28.3 Pairwise comparisons for model/prompt tuning
Overview and links for this section of the guide.
On this page
- Goal: choose winners reliably when differences are subtle
- Why pairwise comparisons work so well
- Setting up a fair comparison
- Pairwise rubric (what reviewers decide)
- Aggregating results (win rate, Elo, confidence)
- A practical workflow you can run weekly
- Pitfalls and how to avoid them
- Where to go next
Goal: choose winners reliably when differences are subtle
When you tweak prompts or swap models, differences are often subtle and subjective.
Pairwise comparison solves this by asking a simpler question:
Given the same input, which output is better?
This is often easier and more consistent than assigning absolute scores.
Why pairwise comparisons work so well
Pairwise is powerful because:
- humans are better at comparing than at scoring on a scale,
- it reduces “calibration drift” across reviewers,
- it makes tradeoffs visible quickly (clarity vs completeness),
- it supports A/B decisions for shipping.
If reviewers argue about what “4/5 clarity” means, switch to pairwise.

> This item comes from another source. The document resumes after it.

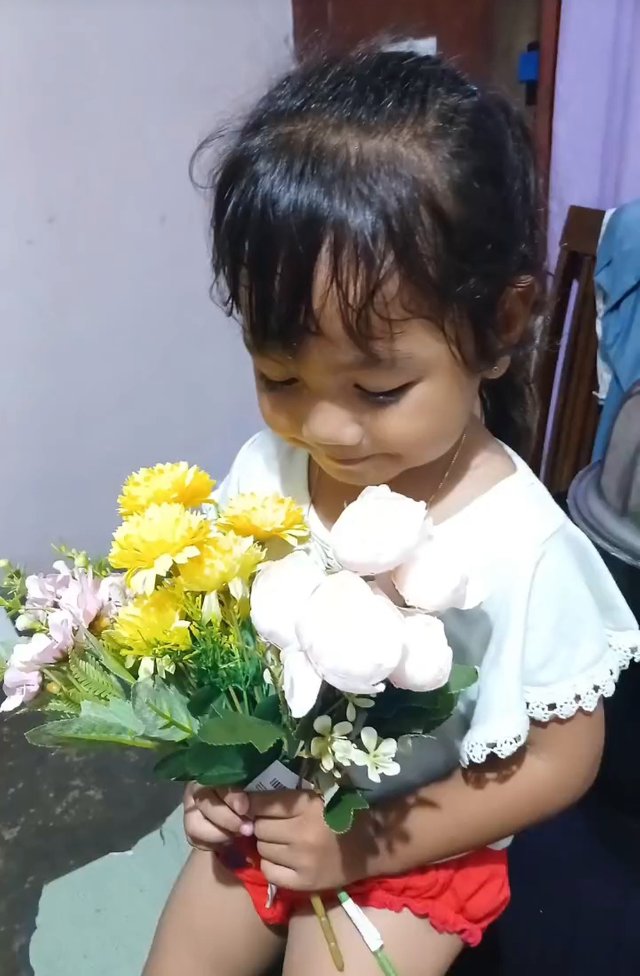 1753706230589.jpg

Ask: which one is better for the user and why?
Setting up a fair comparison
To make pairwise fair:
- Same inputs: run A and B on the exact same eval cases.
- Randomize order: don’t always show A first.
- Blind reviewers: hide which prompt/model produced which output.
- Control retrieval: for RAG, either freeze sources or log and compare retrieved chunks as well.
- Normalize formatting: so reviewers judge content, not whitespace.
Decide what you’re comparing:
- prompt A vs prompt B,
- model X vs model Y,
- retrieval strategy 1 vs 2,
- reranker on vs off.
Pairwise rubric (what reviewers decide)
Keep it simple. For each case:
- Winner: A / B / tie
- Reason tag: correctness / faithfulness / clarity / completeness / safety / other
- Optional note: one sentence when non-obvious
If one answer is more eloquent but less faithful to sources, it should lose. Encode that rule explicitly for reviewers.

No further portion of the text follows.